Emmanuel Le Roch : 90 % de nos adhérents ont fermé leur magasin. Si le e-commerce fonctionne très bien, cela reste des petits chiffres d’affaires et à terme, il sera compliqué de gérer les entrepôts et la livraison. Et cela ne suffit pas pour combler le manque d’activité des magasins. Ils sont donc très inquiets et se demandent effectivement comment l’activité va repartir. Plus ça va être long, plus cela va être compliqué de générer aucun chiffre d’affaires. Car il y a encore des coût fixes à payer, notamment les fournisseurs.
Outre le fait de militer pour l’annulation des loyers est-ce que pour vous il y a d’autres mesures à mettre en place sur long terme pour aider les commerçants ?

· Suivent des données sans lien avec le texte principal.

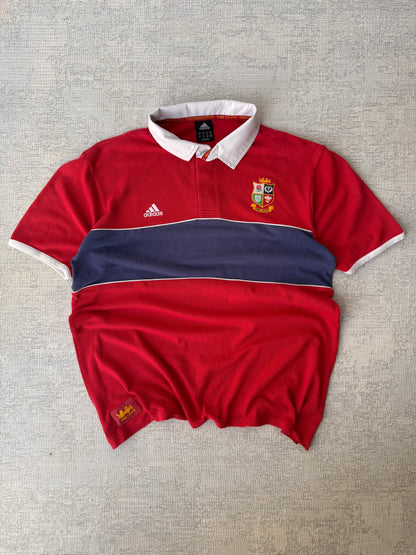 Adidas Vintage British & Irish Lions Rugby Polo Tee (XL)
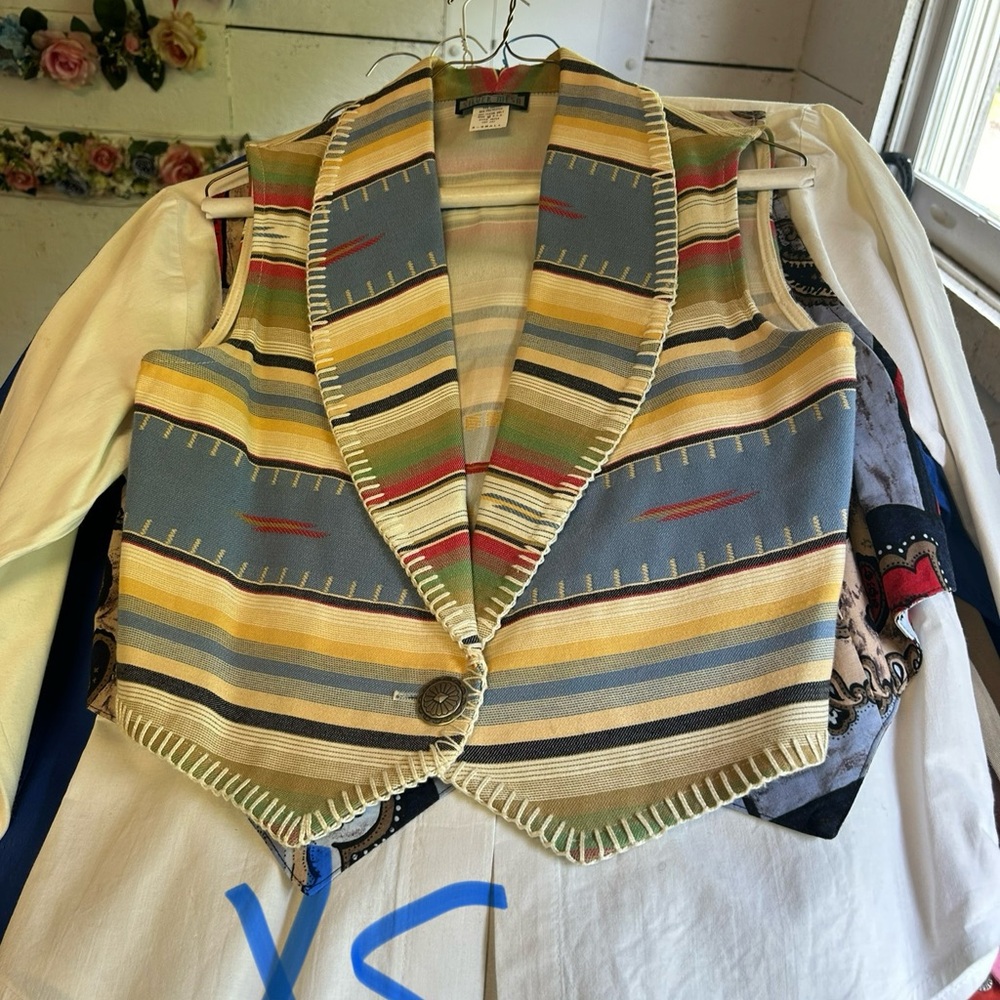 Striped Multicolor Vest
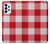 S3535 Red Gingham Case For Samsung Galaxy A23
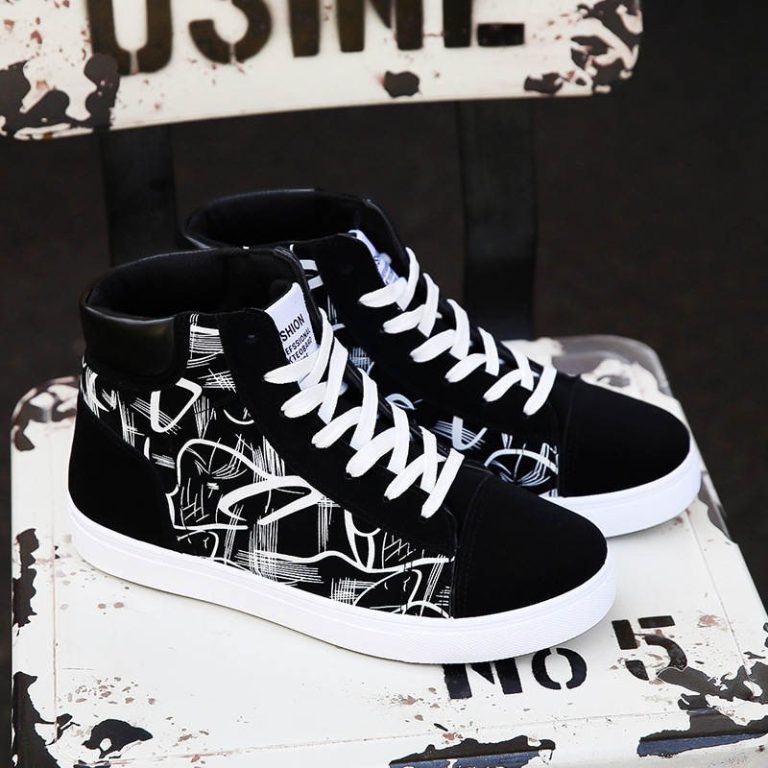 Baskets-montantes-homme-a-motifs-graphiques-abstraits-style-streetwear-picture-7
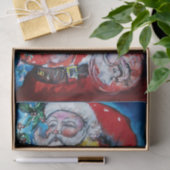 バイオリン付きサンタクロース/ミュージカルクリスマス 薄葉紙 (ギフト)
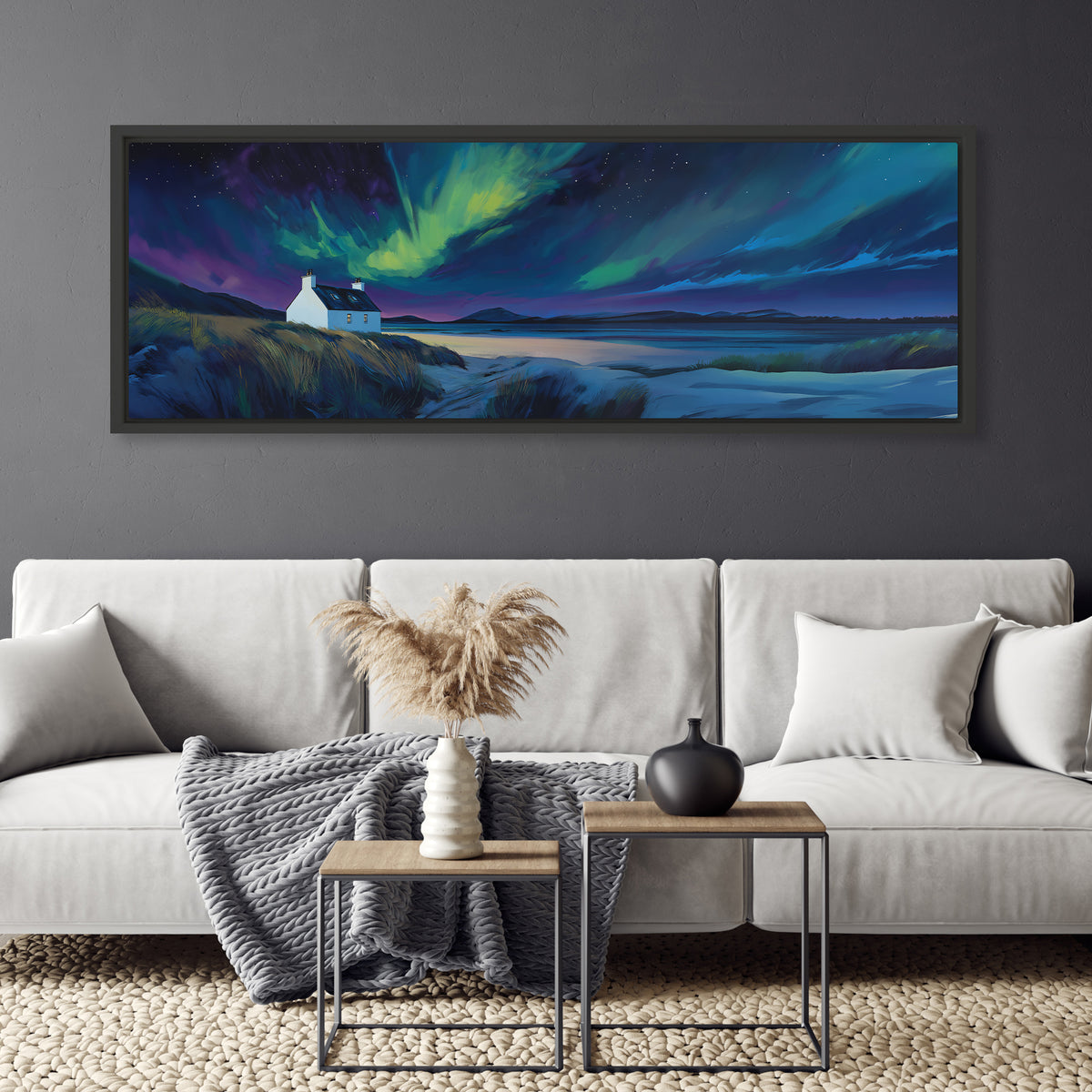 Dancing Sky - Panoramic Canvas Print (60” x 20”)
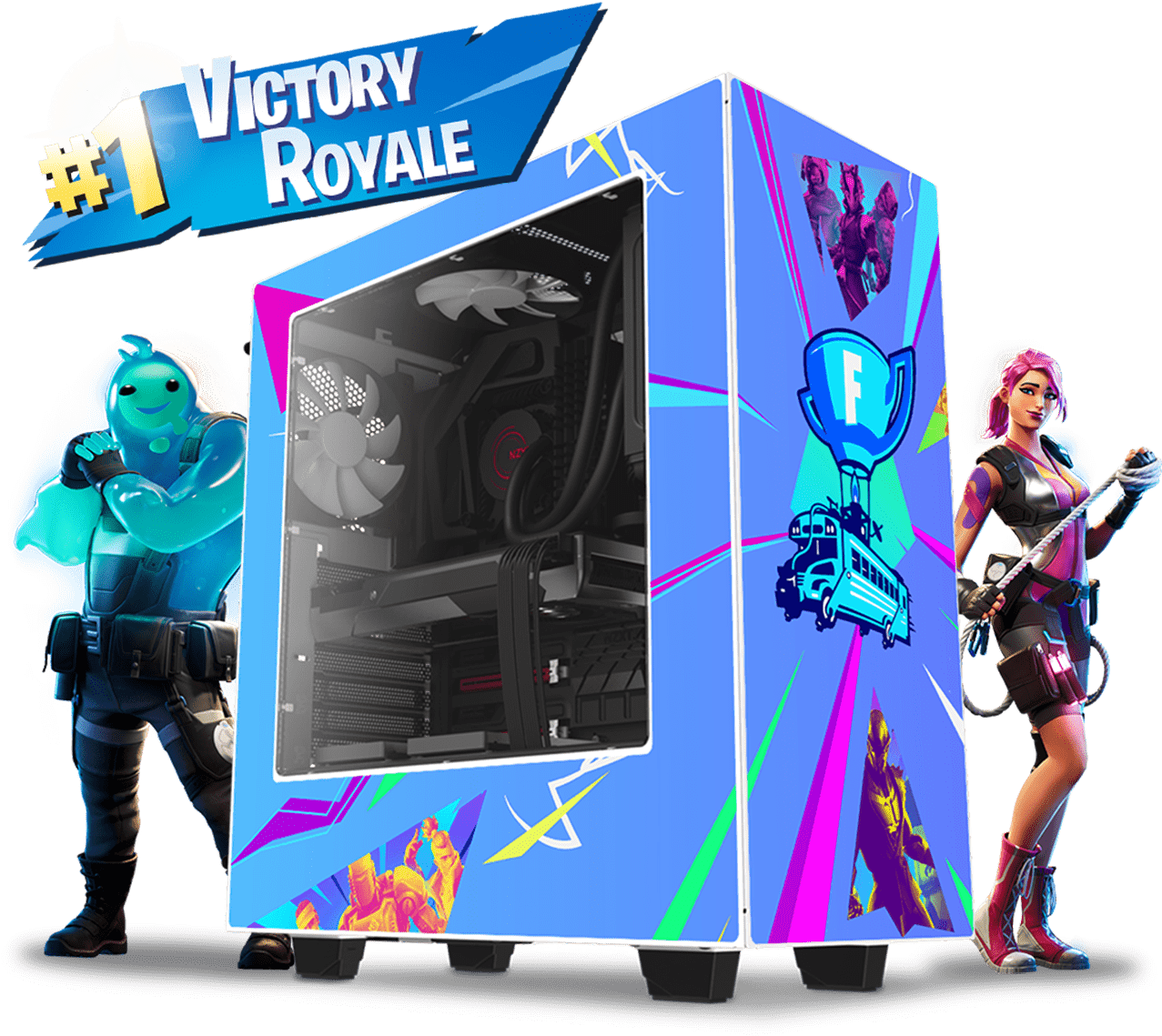 Victory Royale Gaming P C Setup PNG image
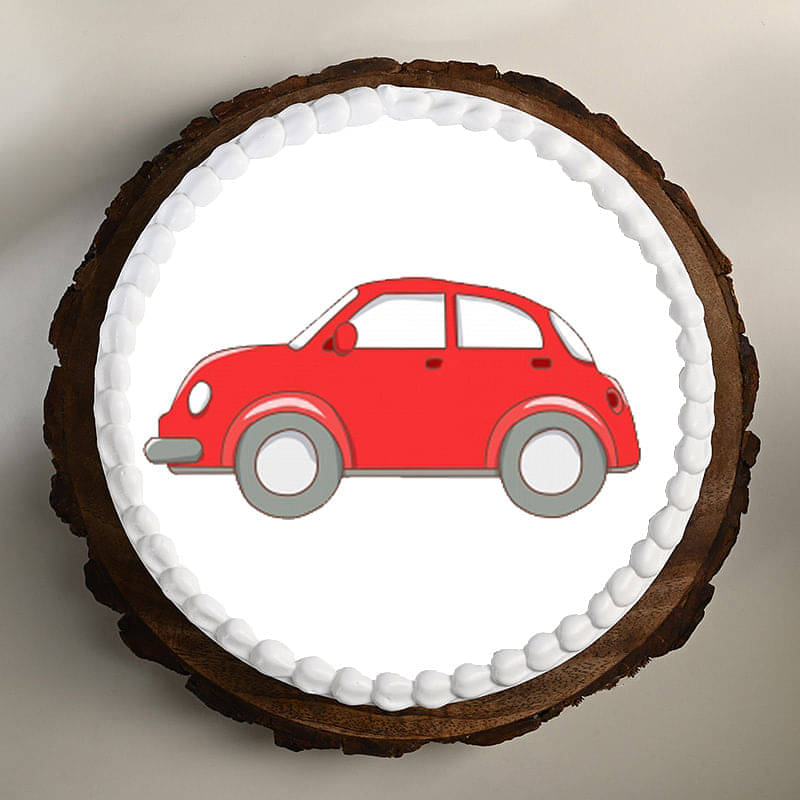 Top View of Mister Red Cake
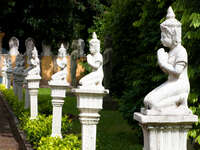 view--buddhist statues Phnom Penh, South East Asia, Vietnam, Asia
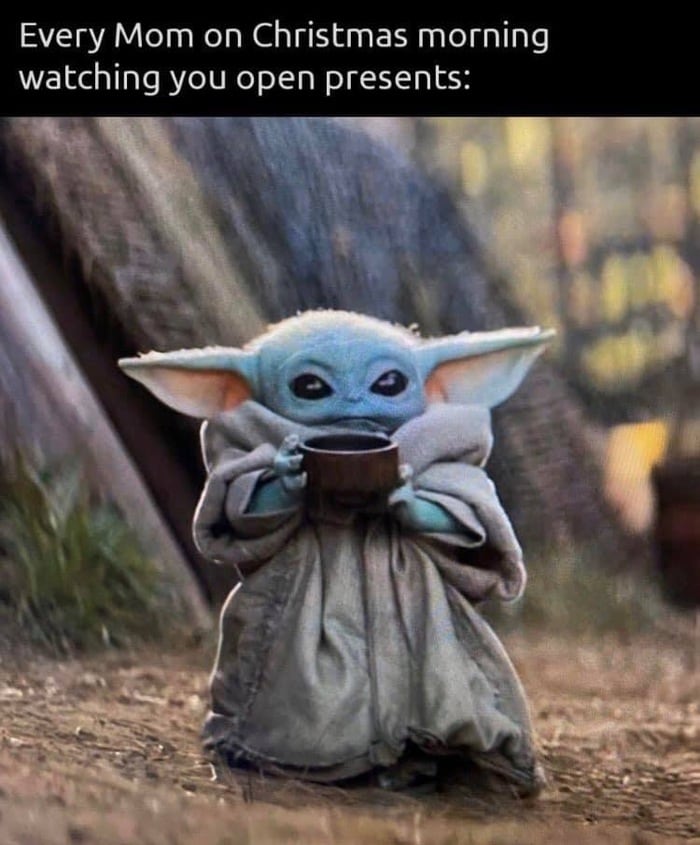 Christmas Memes - baby yoda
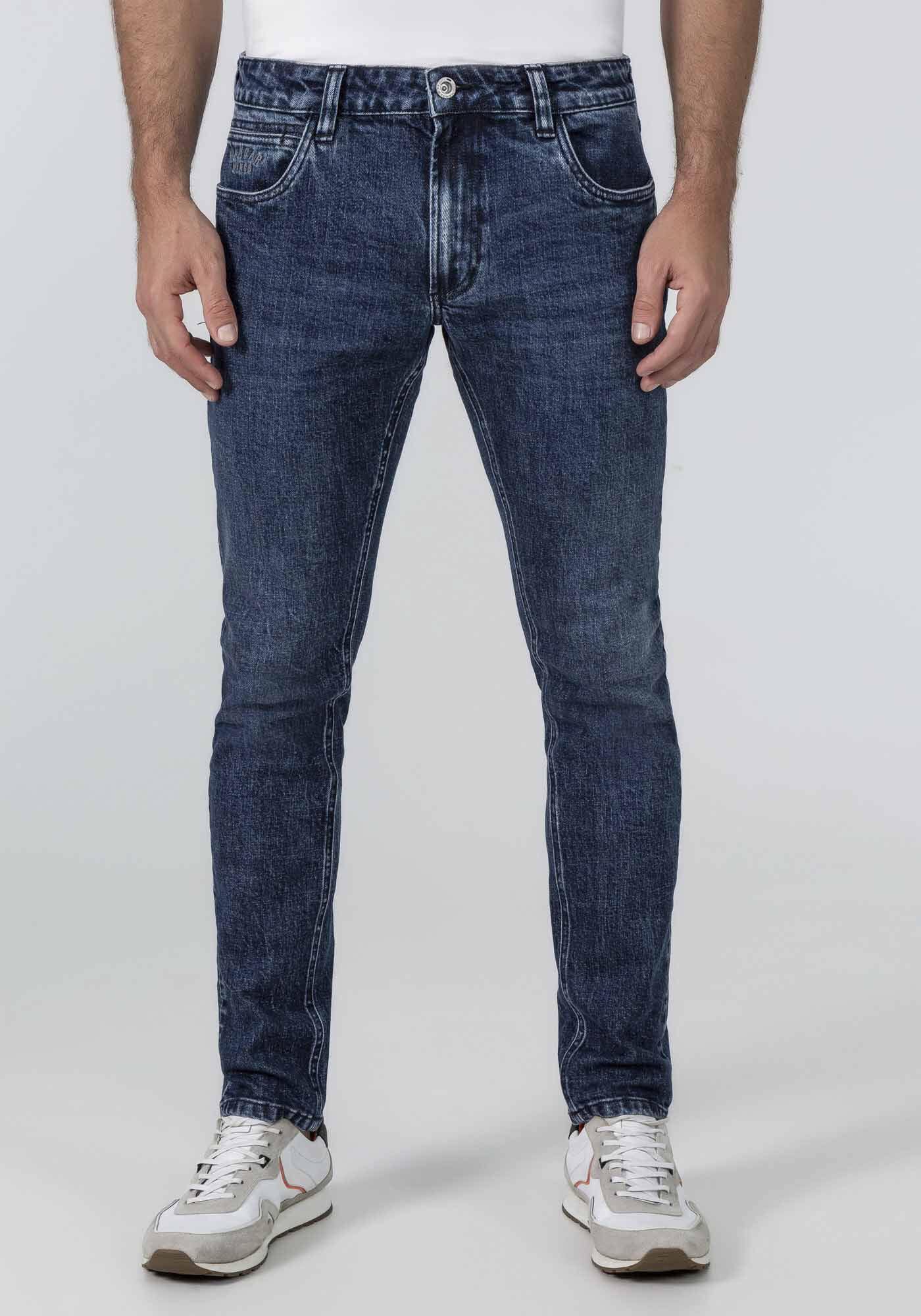 Calça jeans masculina marmorizada top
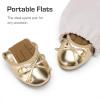 imageDREAM PAIRS Girls Ballet Flats Dress Shoes Mary Janes Ballerina ShoesGold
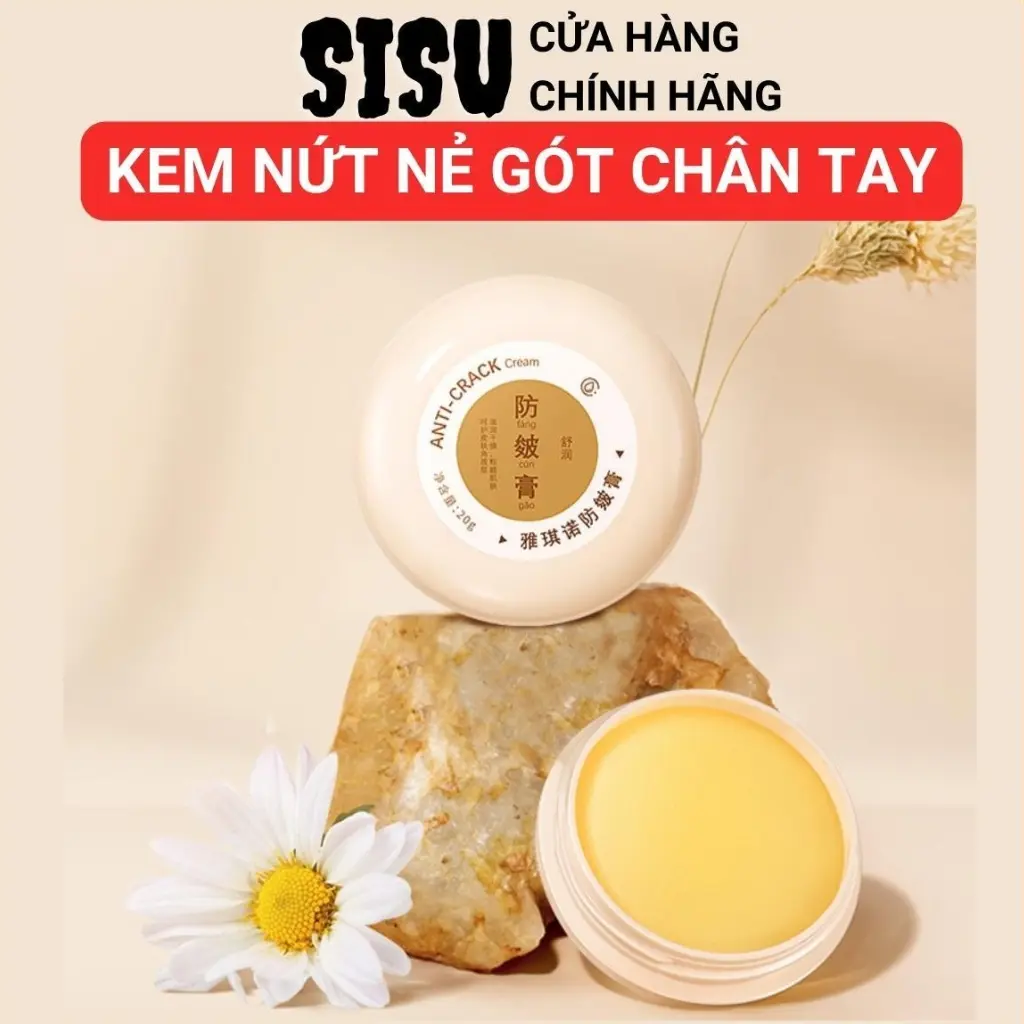Kem nứt nẻ gót chân tay SISU COSMETICS Handmade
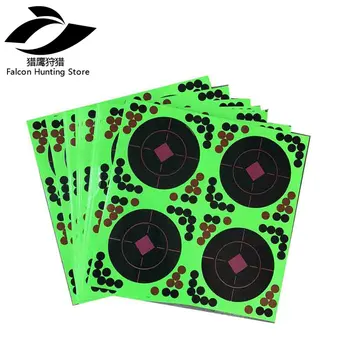 

25 /50 sheets 8"*8" Self adhesive Splatter & Reactive Shooting targets for Gun-Pistol-Rifle-Airsoft-Pellet Gun- Air rifle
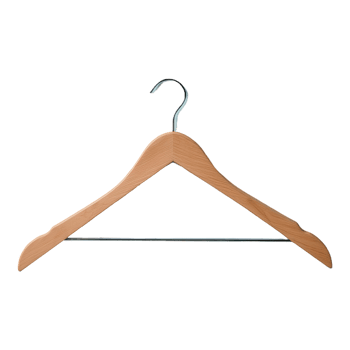 AI generated Wooden Clothes Hanger isolated on transparent background png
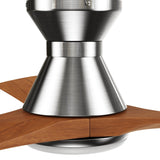 NICOLET 52 inch 3 - Blade Flush Mount Smart Ceiling Fan with LED Light & Remote - LEDMyPlace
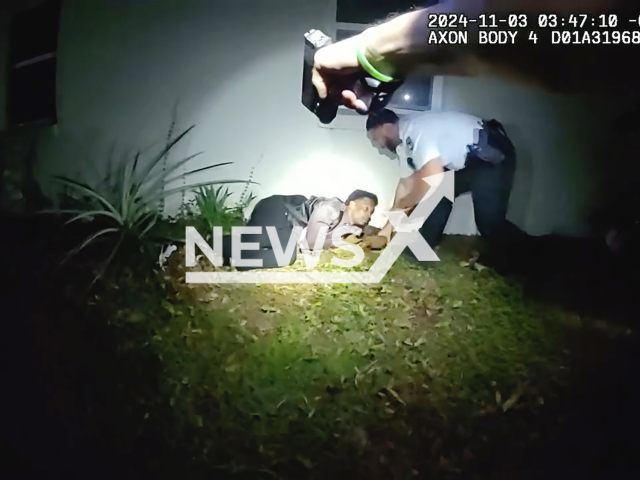 HCSO's Aviation Section swiftly tracked a fleeing suspect using the FLIR camera, leading ground units to locate and arrest 31-year-old Reechaey Bush at an apartment complex in Mango, Florida in the United States on Sunday, Nov. 3, 2024. The suspect was arrested on charges that include DUI and resisting an officer.
 Note: Photo a is screenshot from a video (@HCSOSheriff/NF/newsX)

Yohann Petiot : À la reprise, sur les loyers, il faut que ces derniers puissent être mensualisés, payés à terme échu et non à échoir, qu’ils puissent être variables et adaptés à la réalité de l’activité. Car nous savons, aux vues de ce qu’il se passe en Chine, que l’activité repart lentement et qu’elle ne retrouve pas son rythme normal immédiatement. Donc les mois qui arrivent seront difficiles. La question du chômage partiel se posera également. Les commerçants pourront-ils toujours y avoir recours une fois la crise passée ? Car si l’activité ne reprend pas tout de suite, il faudrait que ce soit toujours possible d’en bénéficier. Il faudra peut être aussi permettre des ouvertures dominicales en plus que celles initialement prévues parce qu’en semaine les salariés vont être considérablement pris par leur travail et le retard à rattraper. Et donc il faut que l’on puisse permettre aux commerçants de faire leur métier, y compris le dimanche, du moins les premiers dimanches. Il y a aussi une question qui se pose sur les soldes, à la fois sur leur date et sur leur durée, qu’il faudra probablement adapter. Nous allons d’ailleurs lancer un sondage massif par rapport à cette question.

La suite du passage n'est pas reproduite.